Mittlerweile öffne die Nachbarin nicht einmal mehr die Tür. «Es regt mich auf, abends nach Hause zu kommen und genau zu wissen, dass die Nachbarin meine Katze wieder in ihre Wohnung gelockt hat», sagt die Malerin. Zudem habe sie Angst, dass die Katze krank werde. «Weil sie nicht mehr nach Hause kommt, schaffe ich es auch nicht mehr, sie zur jährlichen Impfung zum Tierarzt zu bringen.»

«Emotional ist das eine kleine Tragödie»

Mit ihrem Problem steht Patrizia nicht allein da. Jährlich suchten rund 20 Besitzer in ihrem Verein Rat, weil ihre Katze fremdgefüttert werde, sagt Manuela Gutermann, Präsidentin des Vereins Katzenfreunde Schweiz. «Emotional sind solche Situationen für die Katzenbesitzer eine kleine Tragödie.» Schliesslich wüssten sie manchmal tagelang nicht, ob ihrem Tier etwas zugestossen sei. «Manchmal erblicken sie die Katzen nur per Zufall hinter dem Fenster irgendeines Wohnzimmers.»

Bei der Stiftung für das Tier im Recht TIR sind dieses Jahr bereits zehn Anfragen in Zusammenhang mit Fremdfüttern eingegangen. «Während die einen Eigentümer dem Nachbarn den Hals umdrehen könnten, sind andere so verletzt, als wäre ihnen ein Familienmitglied entrissen worden», stellt Jeannine Eggler, rechtswissenschaftliche Mitarbeiterin bei TIR, fest.

Uneinsichtige Fremdfütterer

Laut Eggler setzen die Fremdfütterer manchmal «extreme Methoden» ein, um das Tier weiterhin an sich zu binden. «Sie streiten alles ab und verwischen etwa Spuren im Schnee.» Manuela Gutermann sagt, dass manche einfach uneinsichtig seien. «Dann wirkt nur noch eine Drohung mit der Polizei.»

Manchen Besitzern sei die Katze aber auch so viel wert, dass nur noch ein Umzug das Problem lösen könne. In einigen Fällen geben sich die Halter geschlagen. «Dann drücken sie der Nachbarin das Impfbüchlein der Katze in die Hand und geben ihr damit offiziell die Verantwortung für das Tier ab», so Gutermann.

Anzeige erstatten oder Klage erheben

Fremde Katzen zu füttern, ist nicht verboten. «Füttert jemand eine Katze aber regelmässig oder gar systematisch, sodass sie kaum mehr zu ihrem Eigentümer nach Hause kommt, kann es sich um einen Eingriff in fremdes Eigentum handeln», betont Jeannine Eggler.

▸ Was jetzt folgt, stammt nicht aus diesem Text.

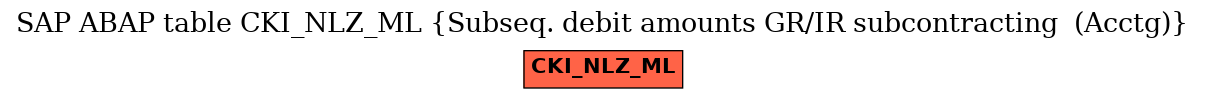 E-R Diagram for table CKI_NLZ_ML (Subseq. debit amounts GR/IR subcontracting  (Acctg))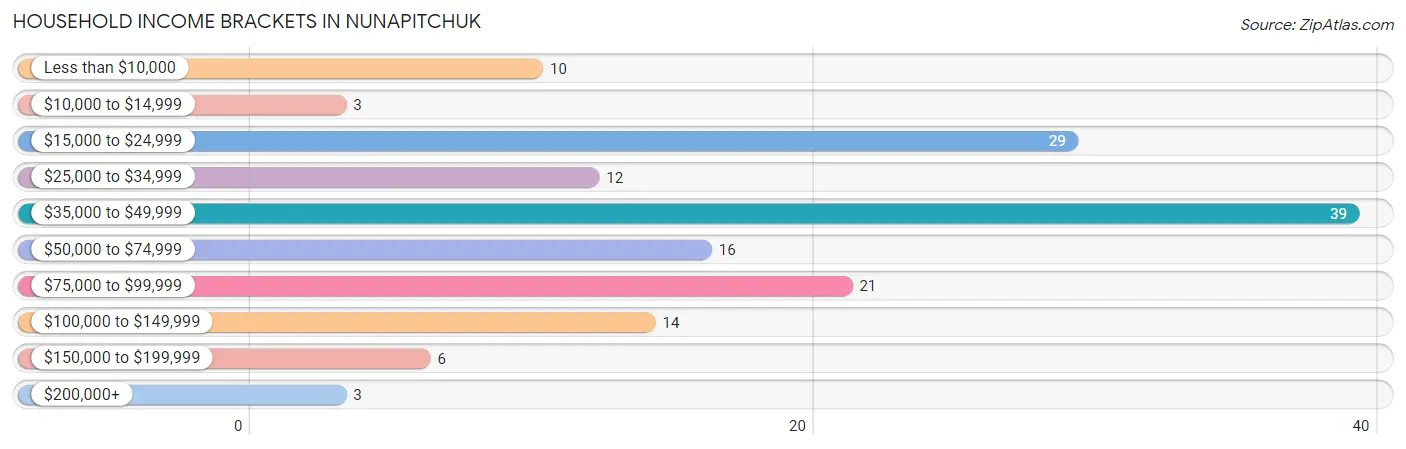 Household Income Brackets in Nunapitchuk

Seien die nötigen Beweise vorhanden, könnten Eigentümer in gravierenden Fällen Anzeige wegen Sachentziehung oder unrechtmässiger Aneignung erstatten. Laut Strafgesetzbuch droht in diesen Fällen eine Geldstrafe oder eine Freiheitsstrafe bis zu drei Jahren. Eine weitere Möglichkeit ist, Zivilklage zu erheben, die den Nachbarn auffordert, das Füttern zu unterlassen.

«Manche Katzen sind unterbeschäftigt»

Martina Schybli, Leiterin der Fachstelle Heimtiere beim Schweizer Tierschutz, beobachtet, dass oft herzzerreissend miauende Katzen fremde Herzen schmelzen lassen. «Die Leute glauben dann, dass das Tier vernachlässigt werde, und beginnen es draussen anzufüttern.» Andere lassen eine fremde Katze gar ins Haus und versorgen sie, als wäre es ihr eigenes Tier.

Laut Schybli soll man als Besitzer mit dem Fütterer das Gespräch suchen, aber auch die Tierhaltung überdenken. Heute würden viele Katzen spontan angeschafft, ohne Information über die Bedürfnisse des Tieres. «Manche Katzen suchen fremde Gesellschaft, weil sie unterbeschäftigt sind oder ihr Zuhause nicht optimal ausgestattet ist.»

Und in anderen Fällen liegt das Fremdgehen in der Natur der Katze. «Selbst Katzen mit dem schönsten Zuhause und der besten Betreuung können es sich plötzlich bei jemand anderem bequem machen», sagt Simone Panier, tiermedizinische Praxisassistentin in der Tierklinik24. In den immer dichter besiedelten Gebieten sei die Chance umso grösser, dass sich die Katze ein noch besseres Plätzchen aussuche.

«Ich prüfe eine Zivilklage»

Patrizia will versuchen, die Nachbarin mit einem Schreiben zur Vernunft zu bringen. «Ich lege ihr einen Zettel in den Briefkasten, auf dem steht, dass Papaya krank ist und sie deshalb mein Spezialfutter braucht.» Nütze dies nicht, werde sie der Frau mit einer Zivilklage drohen.

Ein kleiner Trost bleibt Patrizia aber noch. «Meine drei anderen Katzen wollen dort auch immer wieder fressen. Zum Glück kommen sie aber immer wieder nach Hause.»

*Name der Redaktion bekannt.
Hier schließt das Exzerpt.